15

I am new to regular expression. I am trying to construct a regular expression that first three characters must be alphabets and then the rest of the string could be any character. If the part of the string after first three characters contains & then this part should start and end with ".

I was able to construct ^[a-z]{3}, but stuck at conditional statement.

For example abcENT and abc"E&T" are valid strings but not abcE&T.

Can this be done in a single expression?

Ooker
  • 1,969
  • 4
  • 28
  • 58
user2359634
  • 1,275
  • 5
  • 14
  • 27

5 Answers5

30

In most regex flavors, you may use simple lookaheads to make sure some text is present or not somewhere to the right of the current locations, and using an alternation operator | it possible to check for alternatives.

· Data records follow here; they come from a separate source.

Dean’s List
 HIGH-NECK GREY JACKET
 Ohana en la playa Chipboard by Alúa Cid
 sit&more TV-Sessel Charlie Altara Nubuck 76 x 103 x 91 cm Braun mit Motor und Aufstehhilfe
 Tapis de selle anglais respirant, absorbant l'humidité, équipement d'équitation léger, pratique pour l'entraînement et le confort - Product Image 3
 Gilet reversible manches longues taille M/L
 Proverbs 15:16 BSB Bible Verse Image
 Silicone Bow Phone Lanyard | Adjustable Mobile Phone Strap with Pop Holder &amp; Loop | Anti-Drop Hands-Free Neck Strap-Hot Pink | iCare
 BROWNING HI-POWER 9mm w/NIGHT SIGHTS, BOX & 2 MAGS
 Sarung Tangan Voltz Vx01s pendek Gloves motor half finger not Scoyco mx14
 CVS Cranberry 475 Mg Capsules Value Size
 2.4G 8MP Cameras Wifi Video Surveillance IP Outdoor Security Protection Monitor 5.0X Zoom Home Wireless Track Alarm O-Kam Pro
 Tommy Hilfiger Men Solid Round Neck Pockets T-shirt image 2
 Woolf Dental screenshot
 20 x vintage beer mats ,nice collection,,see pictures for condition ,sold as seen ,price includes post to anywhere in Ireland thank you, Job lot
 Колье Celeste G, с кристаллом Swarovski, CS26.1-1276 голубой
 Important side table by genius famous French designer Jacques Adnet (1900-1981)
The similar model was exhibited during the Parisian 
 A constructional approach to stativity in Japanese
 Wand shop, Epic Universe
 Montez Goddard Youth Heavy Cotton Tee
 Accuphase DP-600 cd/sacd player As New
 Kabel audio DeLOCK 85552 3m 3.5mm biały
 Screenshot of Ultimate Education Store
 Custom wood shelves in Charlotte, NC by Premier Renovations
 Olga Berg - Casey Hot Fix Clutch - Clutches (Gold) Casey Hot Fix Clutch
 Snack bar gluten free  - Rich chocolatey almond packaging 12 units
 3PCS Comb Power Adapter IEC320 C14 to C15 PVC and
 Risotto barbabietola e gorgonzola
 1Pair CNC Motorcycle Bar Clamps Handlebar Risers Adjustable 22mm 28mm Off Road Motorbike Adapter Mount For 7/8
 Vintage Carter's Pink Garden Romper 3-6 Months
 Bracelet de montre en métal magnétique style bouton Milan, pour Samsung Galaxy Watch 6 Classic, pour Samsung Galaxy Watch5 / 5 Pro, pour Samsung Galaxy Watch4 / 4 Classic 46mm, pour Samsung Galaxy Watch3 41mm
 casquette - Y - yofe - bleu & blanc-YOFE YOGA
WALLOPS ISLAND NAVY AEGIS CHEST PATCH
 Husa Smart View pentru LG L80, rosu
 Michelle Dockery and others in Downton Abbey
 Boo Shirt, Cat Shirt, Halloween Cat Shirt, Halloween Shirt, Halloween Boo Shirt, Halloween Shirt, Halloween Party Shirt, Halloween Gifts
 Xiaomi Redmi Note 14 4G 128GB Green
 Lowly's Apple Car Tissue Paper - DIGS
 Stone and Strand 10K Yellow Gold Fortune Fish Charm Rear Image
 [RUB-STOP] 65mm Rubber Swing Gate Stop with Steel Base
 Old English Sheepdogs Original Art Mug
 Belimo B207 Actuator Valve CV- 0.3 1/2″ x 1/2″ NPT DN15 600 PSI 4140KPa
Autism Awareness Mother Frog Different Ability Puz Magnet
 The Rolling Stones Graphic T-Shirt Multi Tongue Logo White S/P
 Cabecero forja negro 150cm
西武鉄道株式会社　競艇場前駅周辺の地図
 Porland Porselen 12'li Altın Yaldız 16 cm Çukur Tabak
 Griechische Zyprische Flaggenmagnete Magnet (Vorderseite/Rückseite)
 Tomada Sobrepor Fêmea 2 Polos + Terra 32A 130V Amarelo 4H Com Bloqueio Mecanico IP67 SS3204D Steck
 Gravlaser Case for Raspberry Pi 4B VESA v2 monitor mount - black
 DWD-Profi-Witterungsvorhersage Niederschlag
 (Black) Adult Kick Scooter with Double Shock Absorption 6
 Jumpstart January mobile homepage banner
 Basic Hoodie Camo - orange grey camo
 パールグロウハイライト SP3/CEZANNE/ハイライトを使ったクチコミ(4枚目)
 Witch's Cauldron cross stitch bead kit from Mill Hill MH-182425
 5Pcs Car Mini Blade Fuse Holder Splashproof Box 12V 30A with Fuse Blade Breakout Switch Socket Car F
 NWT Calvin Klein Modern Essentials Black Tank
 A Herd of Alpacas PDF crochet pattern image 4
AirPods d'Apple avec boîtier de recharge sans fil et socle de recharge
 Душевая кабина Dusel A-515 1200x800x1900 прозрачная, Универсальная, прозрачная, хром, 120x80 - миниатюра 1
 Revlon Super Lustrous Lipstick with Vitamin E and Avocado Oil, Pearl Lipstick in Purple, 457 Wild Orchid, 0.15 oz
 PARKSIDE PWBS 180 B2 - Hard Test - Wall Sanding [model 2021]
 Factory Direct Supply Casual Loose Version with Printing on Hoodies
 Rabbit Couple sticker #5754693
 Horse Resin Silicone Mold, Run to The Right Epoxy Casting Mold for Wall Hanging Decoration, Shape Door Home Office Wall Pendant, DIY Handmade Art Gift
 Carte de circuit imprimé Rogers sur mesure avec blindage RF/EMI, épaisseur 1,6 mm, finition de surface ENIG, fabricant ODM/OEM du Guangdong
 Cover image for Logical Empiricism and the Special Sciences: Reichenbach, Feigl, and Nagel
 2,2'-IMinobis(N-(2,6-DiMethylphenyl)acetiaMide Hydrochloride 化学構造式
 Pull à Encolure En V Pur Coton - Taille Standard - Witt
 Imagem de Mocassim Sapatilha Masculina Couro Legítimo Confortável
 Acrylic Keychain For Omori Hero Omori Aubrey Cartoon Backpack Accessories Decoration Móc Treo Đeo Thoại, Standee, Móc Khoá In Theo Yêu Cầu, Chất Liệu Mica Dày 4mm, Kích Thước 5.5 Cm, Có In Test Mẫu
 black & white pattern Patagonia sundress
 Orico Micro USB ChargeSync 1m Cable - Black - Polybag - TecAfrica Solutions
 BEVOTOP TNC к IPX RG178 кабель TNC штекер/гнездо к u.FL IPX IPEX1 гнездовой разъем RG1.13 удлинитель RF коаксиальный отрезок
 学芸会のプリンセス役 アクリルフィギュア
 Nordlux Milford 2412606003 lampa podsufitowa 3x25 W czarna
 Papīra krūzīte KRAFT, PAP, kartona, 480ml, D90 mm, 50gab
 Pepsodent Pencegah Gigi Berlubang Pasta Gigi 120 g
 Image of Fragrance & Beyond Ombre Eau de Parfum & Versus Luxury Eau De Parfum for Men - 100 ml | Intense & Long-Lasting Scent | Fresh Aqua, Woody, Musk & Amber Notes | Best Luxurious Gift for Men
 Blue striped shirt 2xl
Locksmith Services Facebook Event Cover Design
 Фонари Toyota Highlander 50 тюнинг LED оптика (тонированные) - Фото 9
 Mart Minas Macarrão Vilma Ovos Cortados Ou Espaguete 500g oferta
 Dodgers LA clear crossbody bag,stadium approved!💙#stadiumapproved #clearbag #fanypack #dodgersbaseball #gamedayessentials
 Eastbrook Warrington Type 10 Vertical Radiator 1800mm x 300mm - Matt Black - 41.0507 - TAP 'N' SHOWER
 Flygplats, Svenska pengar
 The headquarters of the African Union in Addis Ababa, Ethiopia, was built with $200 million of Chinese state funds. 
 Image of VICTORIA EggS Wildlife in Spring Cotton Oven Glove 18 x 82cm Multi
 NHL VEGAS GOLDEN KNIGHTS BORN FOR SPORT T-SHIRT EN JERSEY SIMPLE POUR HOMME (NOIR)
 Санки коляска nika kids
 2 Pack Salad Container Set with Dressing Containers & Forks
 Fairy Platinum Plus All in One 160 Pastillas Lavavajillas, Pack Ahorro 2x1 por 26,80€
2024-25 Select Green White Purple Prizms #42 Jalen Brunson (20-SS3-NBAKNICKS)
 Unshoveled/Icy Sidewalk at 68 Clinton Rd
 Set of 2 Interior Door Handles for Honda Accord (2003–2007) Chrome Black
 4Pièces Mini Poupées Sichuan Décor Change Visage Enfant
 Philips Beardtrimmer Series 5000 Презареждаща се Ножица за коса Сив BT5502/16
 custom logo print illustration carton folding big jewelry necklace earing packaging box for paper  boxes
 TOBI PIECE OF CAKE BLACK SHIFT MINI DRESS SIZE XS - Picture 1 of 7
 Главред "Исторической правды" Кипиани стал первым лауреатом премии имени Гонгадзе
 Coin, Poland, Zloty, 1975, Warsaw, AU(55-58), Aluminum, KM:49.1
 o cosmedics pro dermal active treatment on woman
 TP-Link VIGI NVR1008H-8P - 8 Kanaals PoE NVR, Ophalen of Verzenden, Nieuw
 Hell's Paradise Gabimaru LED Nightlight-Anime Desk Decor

So, we basically have 2 alternatives: there is a & somewhere in the string after the first 3 alphabets, or not. Thus, we can use

^[A-Za-z]{3}(?:(?=.*&)".*"|(?!.*&).*)$

See the regex demo

Details:

  • ^ - start of string
  • [A-Za-z]{3} - 3 alphabets
  • (?:(?=.*&)".*"|(?!.*&).*) - Either of the two alternatives:
    • (?=.*&)".*" - if there is a & somewhere in the string ((?=.*&)) match ", then any 0+ characters, and then "
    • | - or
    • (?!.*&).* - if there is no & ((?!.*&)) in the string, just match any 0+ chars up to the...
  • $ - end of string.

In PCRE, or .NET, or some other regex flavors, you have access to the conditional construct. Here is a PCRE demo:

^[A-Za-z]{3}(?(?=.*&)".*"|.*)$
            ^^^^^^^^^^^^^^^^^

The (?(?=.*&)".*"|.*) means:

  • (?(?=.*&) - if there is a & after any 0+ characters...
  • ".*" - match "anything here"-like strings
  • | - or, if there is no &
  • .* - match any 0+ chars from the current position (i.e. after the first 3 alphabets).
Wiktor Stribiżew
  • 607,720
  • 39
  • 448
  • 563
3

A conditional statement could be use with | and groups, but it probably will be complicated.

^[a-z]{3}([^&]*$|".*"$)

You might think about using plain old string manipulation for this task, it probably will be simple

Axnyff
  • 9,213
  • 4
  • 33
  • 37
2

Yeah this is possible, it is not really an if, but in your case you can make an "or" with regex capturing Group. Your regex would look something like that:

\d{3}(\".*\"|[^&]*)

P.S. here is a good site to test and learn These things: https://regex101.com/

Doktor OSwaldo
  • 5,732
  • 20
  • 41
1

The expression itself will depend on the regexp parser you'll use. If you're using Python, shell, vim, boost, etc. , the same symbol could have different meanings.

I would try the following :

$ echo 'abc"&def"' | grep -E "^[a-zA-Z]{3}(\".*\&.*\"|[^&]*)"
abc"&def"
fzd
  • 765
  • 1
  • 6
  • 19
0

Regular expressions don't necessarily support conditionals as in 'if', to achive this in a general case you have to state your conditions as alternatives. (But see Wiktor's comment, depending on your regex engine there might be conditionals available.)

For a relatively basic solution you might try something like this:

^[a-z]{3}([^&]*|\..*\.)$

Which says "After four letters, there should be a string of any length with no ampersand (&) OR a string starting and ending with a full stop (.).

Jan
  • 485
  • 3
  • 9